*Task item*.
Could you return every record below exactly as it stands, leaving out the pictures?

*Material supplied*.
————————
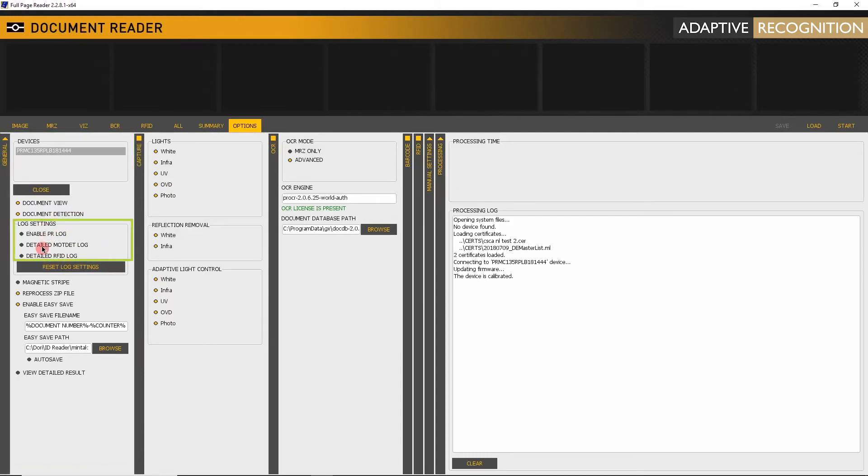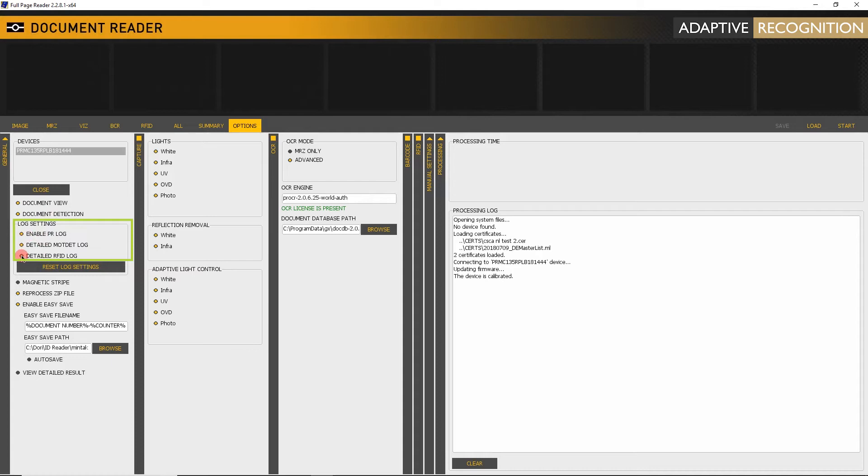Enable PR log to start logging. Enable Detailed MoDET log for detailed logs of motion detection. Enable Detailed RFID log for RFID communication. Please note that RFID logging is increasing the processing time.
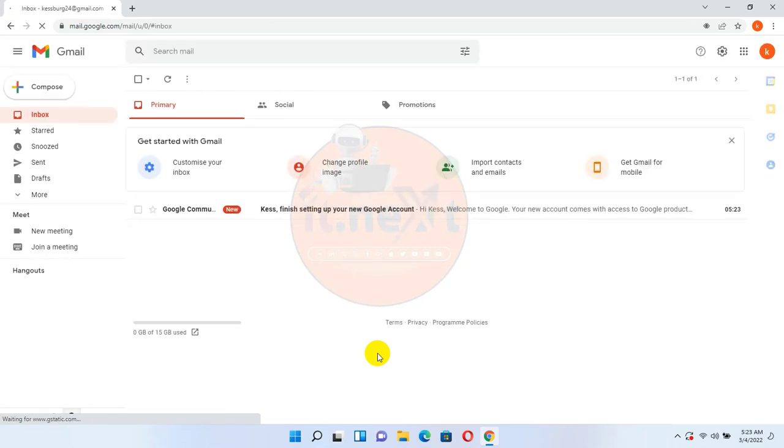Your account will be created. So that's how we can create a Gmail account for free.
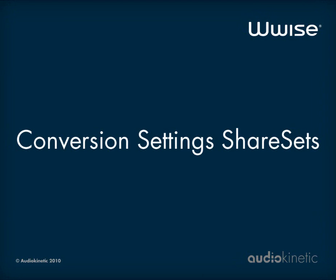Hello! This video tutorial will show you how to use the conversion settings functionality introduced in Wwise version 2010.1.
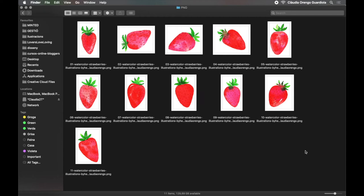Hello, this is Claudia Orengo, a graphic designer and illustrator from Barcelona, and in this video I want to show you how I vectorize my paintings in Illustrator.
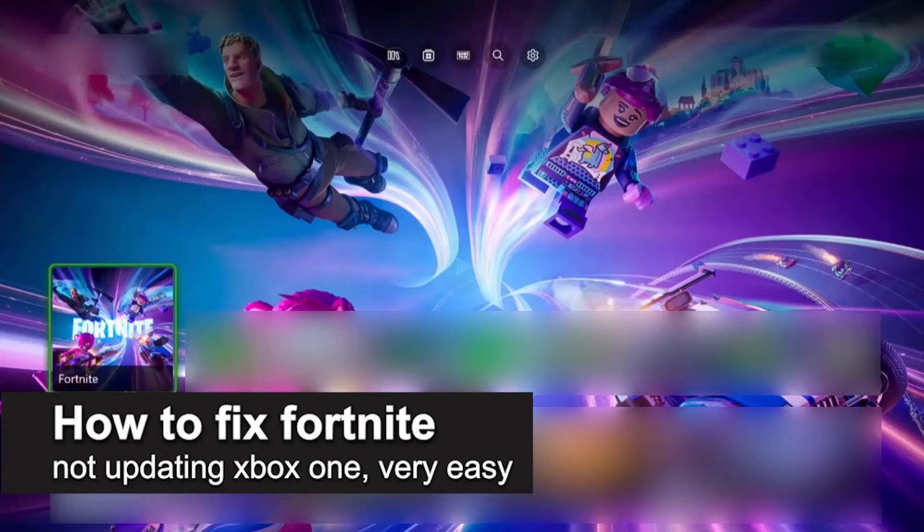In this video I'm gonna teach you how to fix Fortnite not updating on an Xbox One. It's a very easy process so make sure to follow along. I'm gonna go over multiple methods that are going to help you address why Fortnite is not updating on your Xbox One and how to go about fixing this.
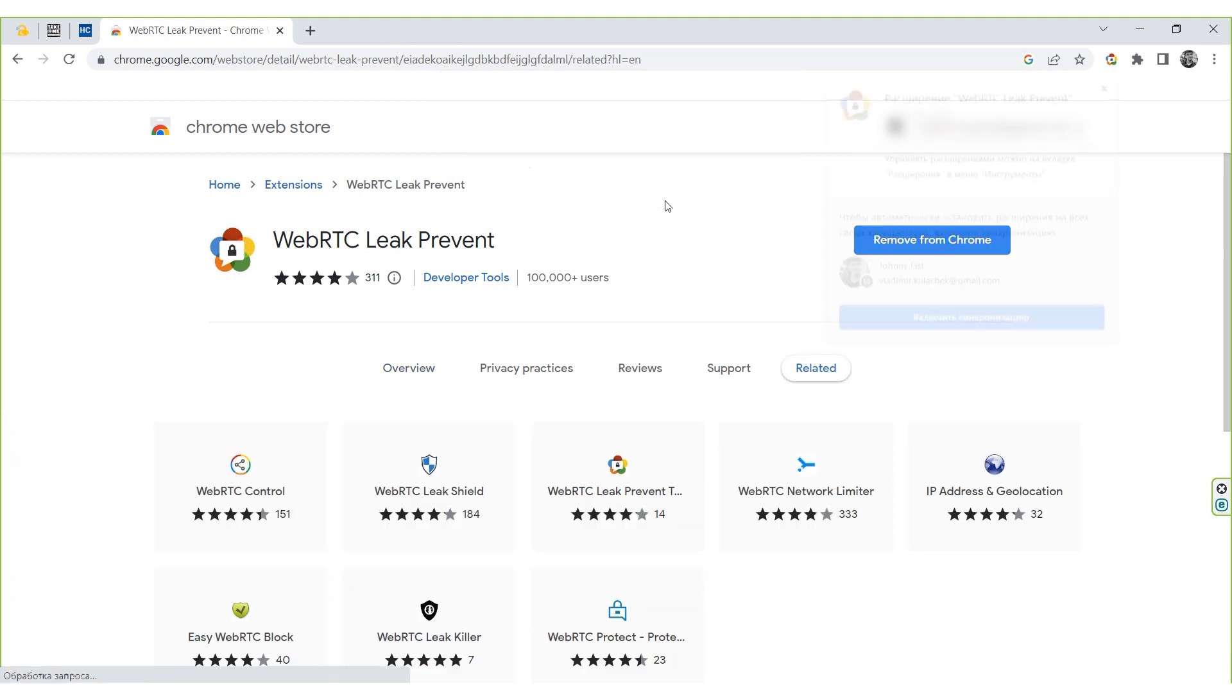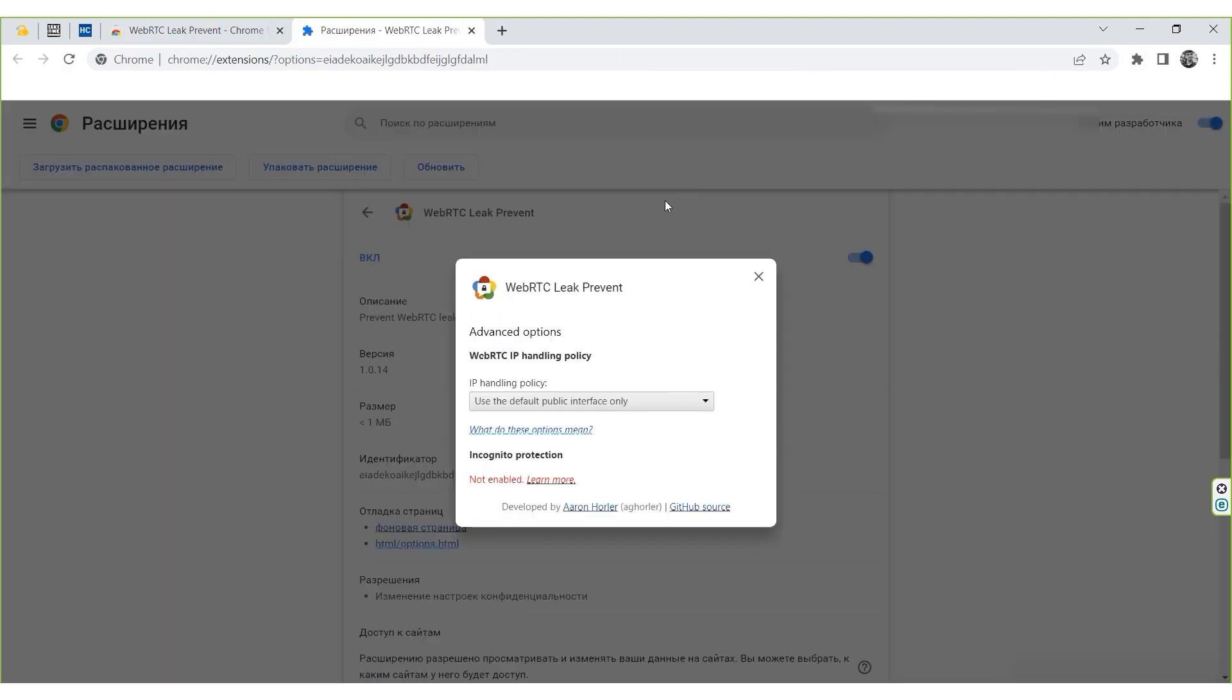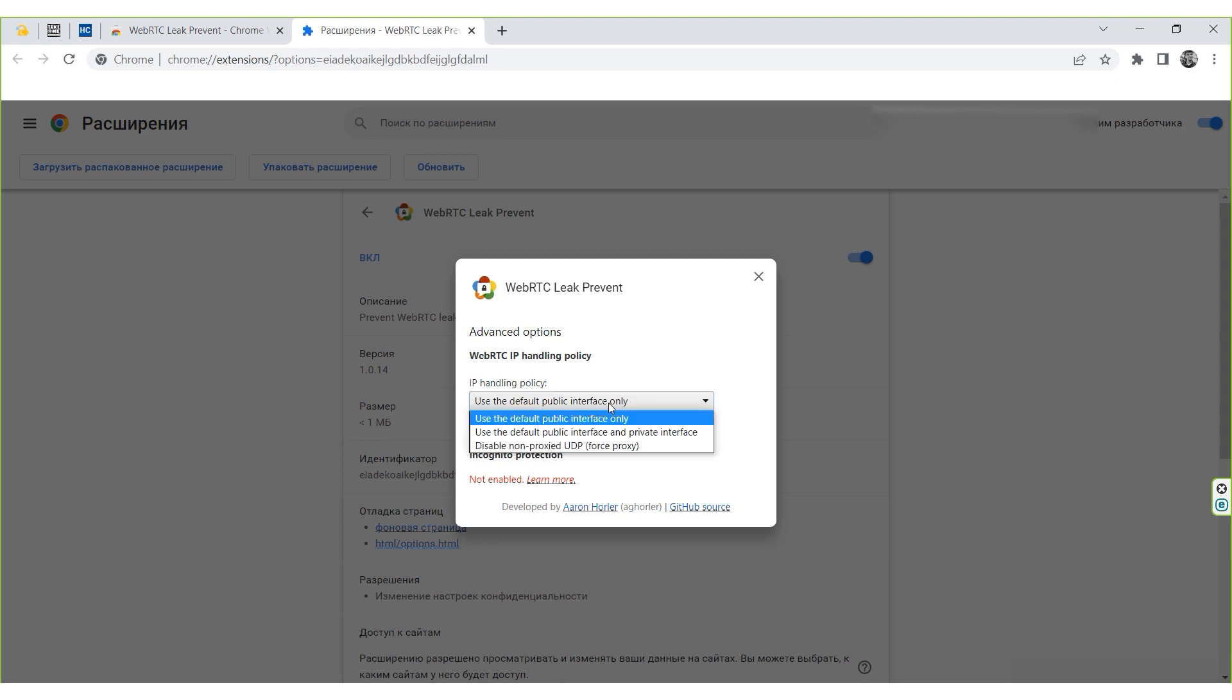If you go to the extensions tab, you can see that it is active, which means that WebRTC is disabled and your data won't leak.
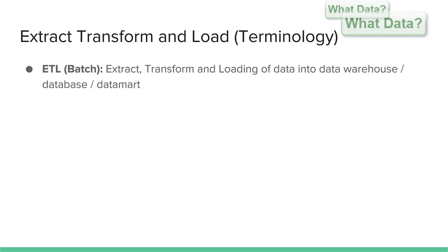In this section we will review the ETL process: extract, transform and loading of data into a data warehouse.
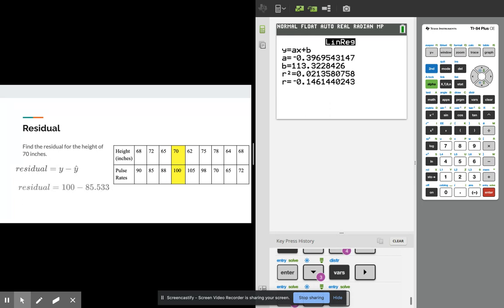So the residual is y minus y hat or the actual minus the predicted. So we're going to take 100, which is the actual value for the pulse rate at 70 from the data that we have, and we're going to subtract out that predicted value that we just calculated at 70, which is 85.533.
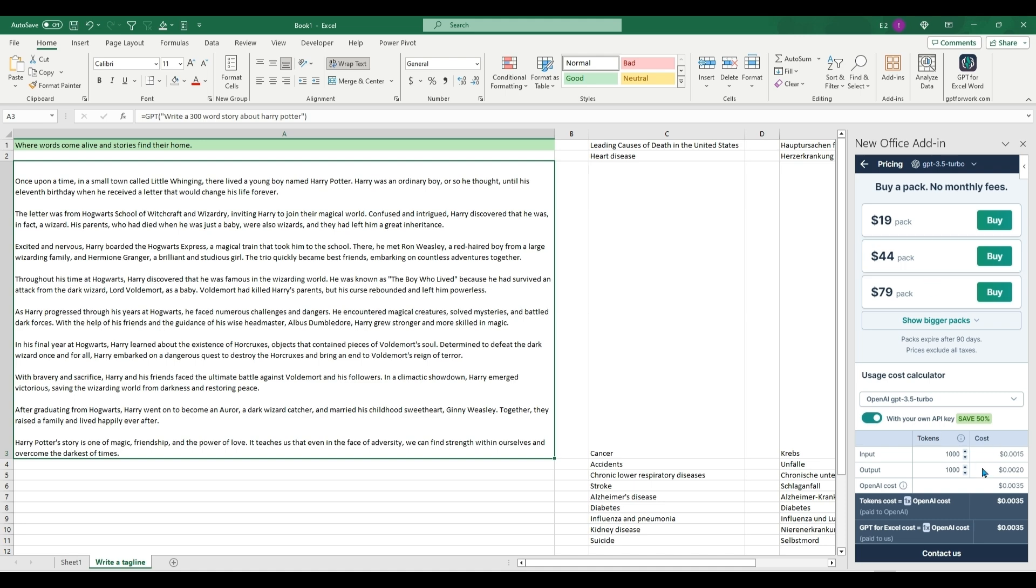But it does cost money for input and output, so only use it whenever you really want to get a prompt back quick or create a list. It will save you a ton of time, but that's all I have for you in today's video. If you enjoyed it, remember to subscribe and hit that like button, and thanks for watching.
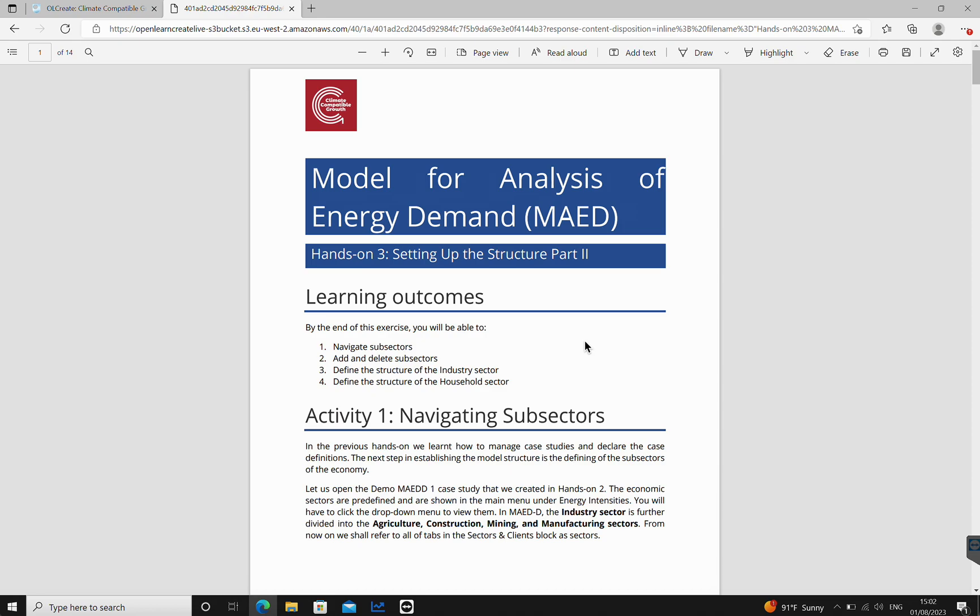Hi, in this video we'll be going through Hands-On 3: Setting Up the Structure Part 2 for your Model for Analysis of Energy Demand. Having looked at the initial stages of how to set up the structure, this one navigates into the subsectors and shows how to add and delete subsectors, define the structure of the industry sector and the household sector.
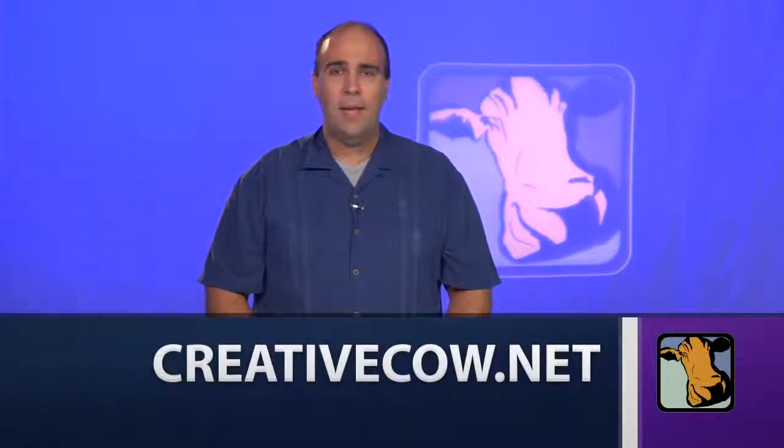For Creative Cow, my name is Rich Harrington. I invite you to head on over to creativecow.net where there's tons more tutorials, both video and text, and the very useful Creative Cow magazine. Thanks again.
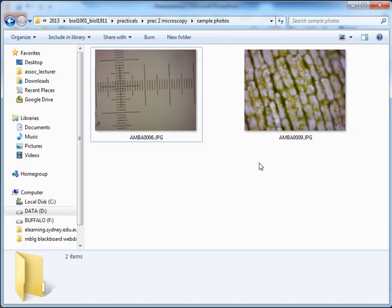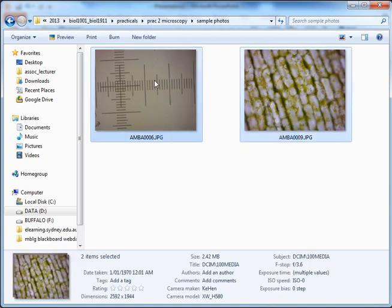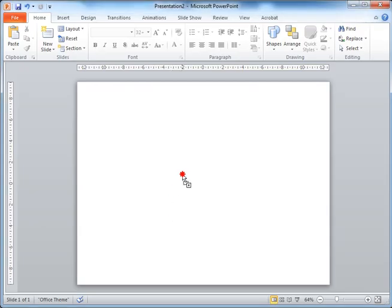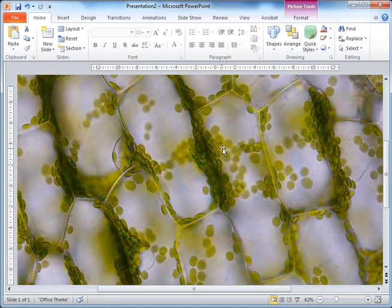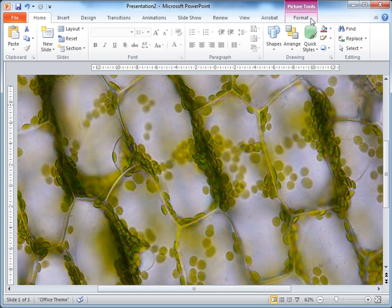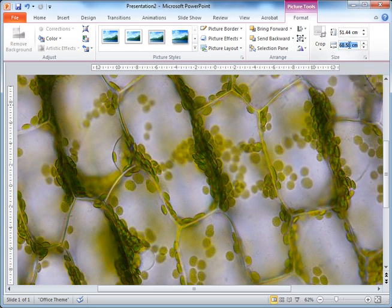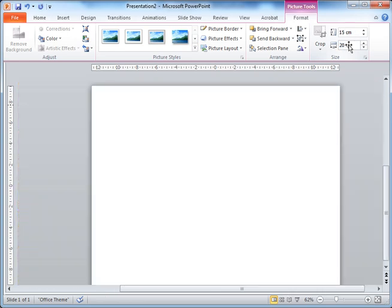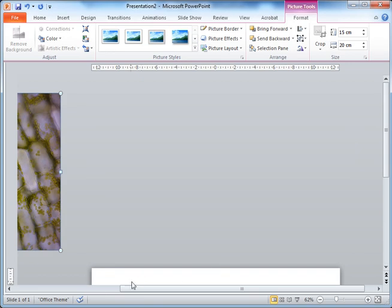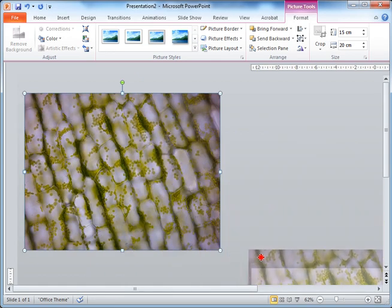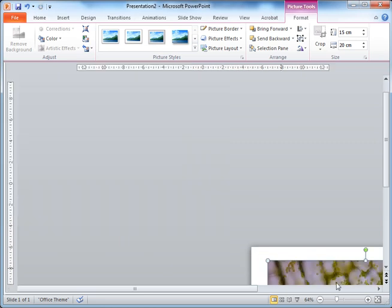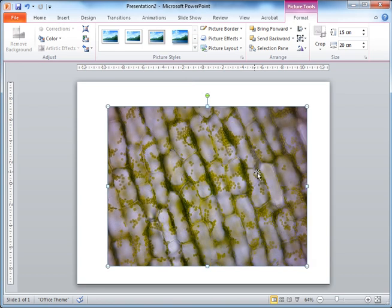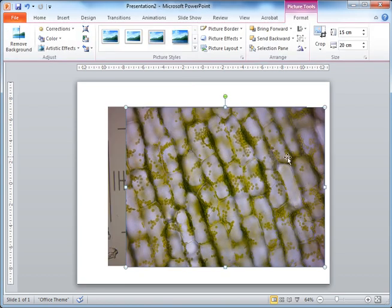We'll go back into our sample photos and drag these two files into the PowerPoint window. You'll notice that PowerPoint opens the images very large, so the first thing to do is shrink them down. In the Picture Tools Format tab, set the shape width to about 20 centimeters and hit Enter. That will shrink the images down — they'll probably be hiding in the corner, so scroll up and bring them into view.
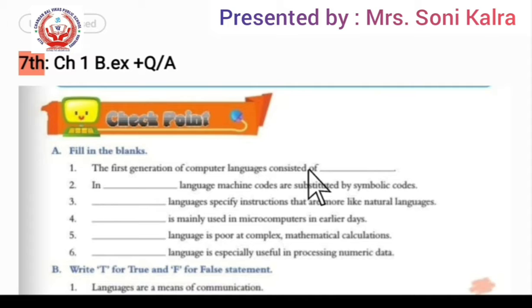Hello students, good morning to you all. Once again I want to welcome you to the virtual online class provided by Chandan Balvikas Public School. I am your computer teacher Mrs. Sony Kalra. Before moving to the next chapter, we will do a revision of previous chapters. For today, I am going to revise Chapter 1 back exercise.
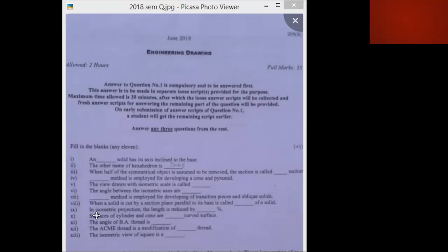In isometric projection, the length is reduced by almost 18.5%. The surfaces of a cylinder and cone are single curved surfaces — cylinder and cone are called single curved surfaces. The angle of the British Association thread is 47.5 degrees.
————————
*Result*.
Enable PR log to start logging. Enable Detailed MoDET log for detailed logs of motion detection. Enable Detailed RFID log for RFID communication. Please note that RFID logging is increasing the processing time.
Your account will be created. So that's how we can create a Gmail account for free.
Hello! This video tutorial will show you how to use the conversion settings functionality introduced in Wwise version 2010.1.
Hello, this is Claudia Orengo, a graphic designer and illustrator from Barcelona, and in this video I want to show you how I vectorize my paintings in Illustrator.
In this video I'm gonna teach you how to fix Fortnite not updating on an Xbox One. It's a very easy process so make sure to follow along. I'm gonna go over multiple methods that are going to help you address why Fortnite is not updating on your Xbox One and how to go about fixing this.
If you go to the extensions tab, you can see that it is active, which means that WebRTC is disabled and your data won't leak.
In this section we will review the ETL process: extract, transform and loading of data into a data warehouse.
So the residual is y minus y hat or the actual minus the predicted. So we're going to take 100, which is the actual value for the pulse rate at 70 from the data that we have, and we're going to subtract out that predicted value that we just calculated at 70, which is 85.533.
But it does cost money for input and output, so only use it whenever you really want to get a prompt back quick or create a list. It will save you a ton of time, but that's all I have for you in today's video. If you enjoyed it, remember to subscribe and hit that like button, and thanks for watching.
Hi, in this video we'll be going through Hands-On 3: Setting Up the Structure Part 2 for your Model for Analysis of Energy Demand. Having looked at the initial stages of how to set up the structure, this one navigates into the subsectors and shows how to add and delete subsectors, define the structure of the industry sector and the household sector.
For Creative Cow, my name is Rich Harrington. I invite you to head on over to creativecow.net where there's tons more tutorials, both video and text, and the very useful Creative Cow magazine. Thanks again.
We'll go back into our sample photos and drag these two files into the PowerPoint window. You'll notice that PowerPoint opens the images very large, so the first thing to do is shrink them down. In the Picture Tools Format tab, set the shape width to about 20 centimeters and hit Enter. That will shrink the images down — they'll probably be hiding in the corner, so scroll up and bring them into view.
Hello students, good morning to you all. Once again I want to welcome you to the virtual online class provided by Chandan Balvikas Public School. I am your computer teacher Mrs. Sony Kalra. Before moving to the next chapter, we will do a revision of previous chapters. For today, I am going to revise Chapter 1 back exercise.
In isometric projection, the length is reduced by almost 18.5%. The surfaces of a cylinder and cone are single curved surfaces — cylinder and cone are called single curved surfaces. The angle of the British Association thread is 47.5 degrees.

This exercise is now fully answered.